▸ **DATA TO PROCESS**
___

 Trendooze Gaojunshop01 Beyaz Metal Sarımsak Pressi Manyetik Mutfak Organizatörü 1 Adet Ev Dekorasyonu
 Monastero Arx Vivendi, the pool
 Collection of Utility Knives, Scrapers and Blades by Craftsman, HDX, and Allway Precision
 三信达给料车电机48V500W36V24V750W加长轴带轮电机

___

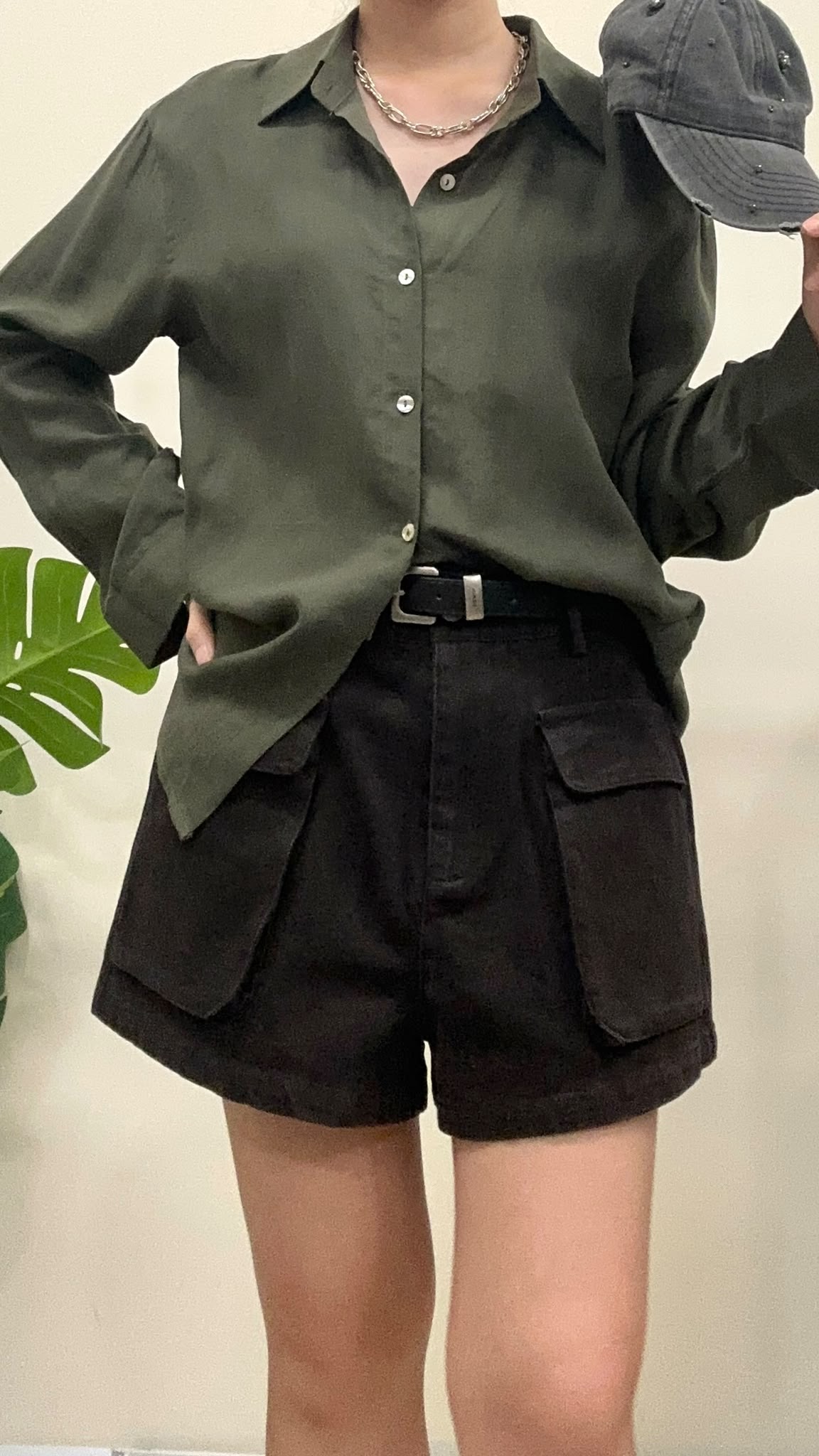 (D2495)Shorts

___

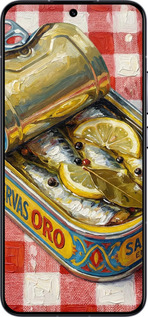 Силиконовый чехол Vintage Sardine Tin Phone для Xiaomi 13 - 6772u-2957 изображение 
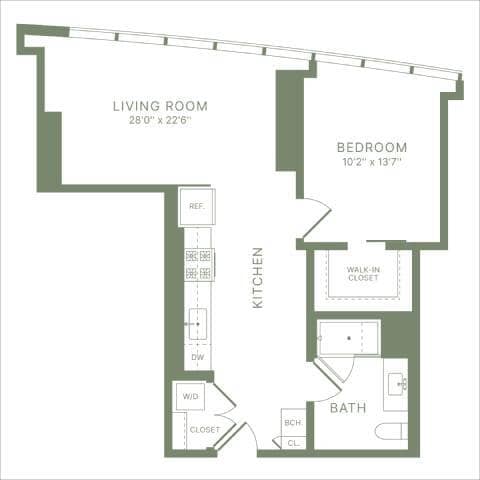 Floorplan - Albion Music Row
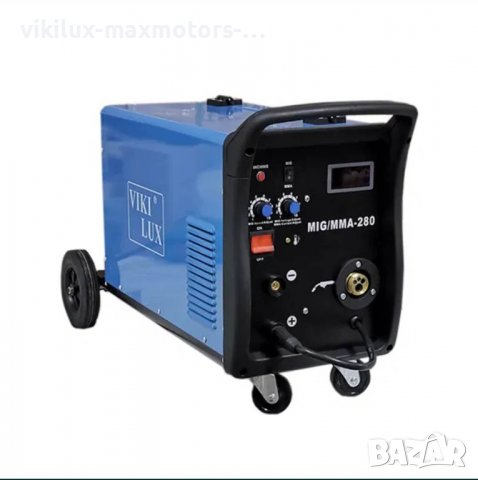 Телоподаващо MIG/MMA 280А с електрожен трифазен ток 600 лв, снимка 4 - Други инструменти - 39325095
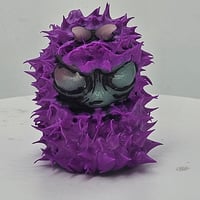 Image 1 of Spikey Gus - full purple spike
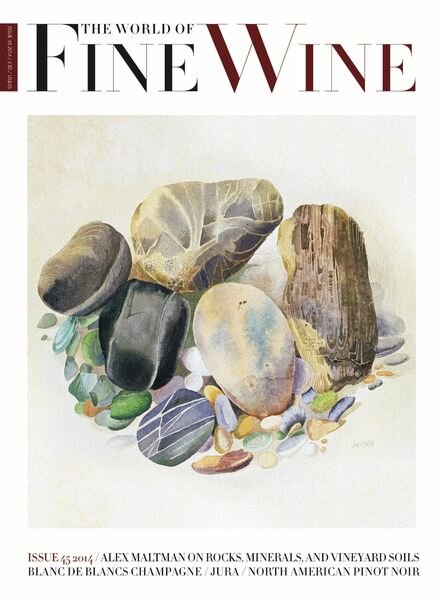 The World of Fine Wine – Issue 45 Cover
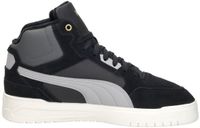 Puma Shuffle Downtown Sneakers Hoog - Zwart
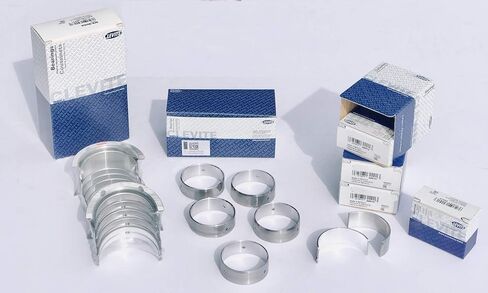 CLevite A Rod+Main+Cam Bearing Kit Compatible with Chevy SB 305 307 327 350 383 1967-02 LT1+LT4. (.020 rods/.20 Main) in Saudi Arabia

___

▸ **TASK DESCRIPTION**
All that is wanted is the lines above between the one containing "Телоподаващо MIG/MMA 280А" and the one containing "CLevite A Rod+Main+Cam", inclusive, restated word for word, with pictures omitted.

▸ **TASK ANSWER**
 Телоподаващо MIG/MMA 280А с електрожен трифазен ток 600 лв, снимка 4 - Други инструменти - 39325095
 Image 1 of Spikey Gus - full purple spike
 The World of Fine Wine – Issue 45 Cover
 Puma Shuffle Downtown Sneakers Hoog - Zwart
 CLevite A Rod+Main+Cam Bearing Kit Compatible with Chevy SB 305 307 327 350 383 1967-02 LT1+LT4. (.020 rods/.20 Main) in Saudi Arabia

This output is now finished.